Ich musste innehalten und mir fiel spontan die Sicherheitsansage im Flugzeug zum Gebrauch der Sauerstoffmasken ein: Put on your own mask before helping others. Zu Deutsch: Setzen Sie Ihre eigene Maske auf, bevor Sie anderen helfen. Es hört sich brutal an, aber es ist sinnvoll, sich selbst an erster Stelle in Sicherheit zu bringen, um dann schwächeren, eventuell mehrere schwächeren Personen helfen zu können. Mir wurde klar, dass ich in der Folgezeit für Sonja stark sein müsste. 
Und so gönne ich mir konsequent mehr Freiraum: Neben dem Einfordern und Annehmen von Unterstützung ist das ist in erster Linie auch Arbeit an mir selbst: Ich verstehe es besser, es nicht immer allen recht machen zu müssen. Ich bin 48, stehe voll im Leben und für mein Leben ein. Ich schulde niemandem etwas, außer mir selbst und natürlich meiner Tochter. Ich erziehe Sonja nach meinen Vorstellungen - und sie ist, wie mir immer wieder versichert wird, für ihr Alter kognitiv und sozial sogar überdurchschnittlich weit. Es ist mir eine Ehre, dass Sonja - bei allen alltäglichen kleinen und alterstypischen Vater-Tochter-Reibereien - mich immer wieder als Best Dad Ever bezeichnet. Zudem arbeite ich mit ihr gezielt an mehr Selbständigkeit: Sie wird immer besser darin, Wege in der Stadt, ob mit oder ohne Bus, alleine zurückzulegen. Das Paradoxe ist, dass Kinder in ihrem Alter sich auch mehr wie kleine Erwachsene verhalten, wenn man sie wie kleine Erwachsene behandelt.
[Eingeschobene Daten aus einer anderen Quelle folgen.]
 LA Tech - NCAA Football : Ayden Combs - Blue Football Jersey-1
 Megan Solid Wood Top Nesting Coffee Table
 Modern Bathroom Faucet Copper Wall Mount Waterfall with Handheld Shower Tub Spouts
Dazu gehört für mich, von ihr konsequent mehr Eigenständigkeit einzufordern. 
Der Jahrestag von Veronikas Tod nähert sich mit großen Schritten und ich frage mich oft, wie sie die Entwicklung ihrer kleinen Familie wahrnehmen würde. Ich habe ja keine Ahnung, ob sie von dem Ort, an dem sie sich befindet, etwas mitbekommt. Aber wenn das so ist, glaube ich, sie wäre ziemlich stolz auf uns.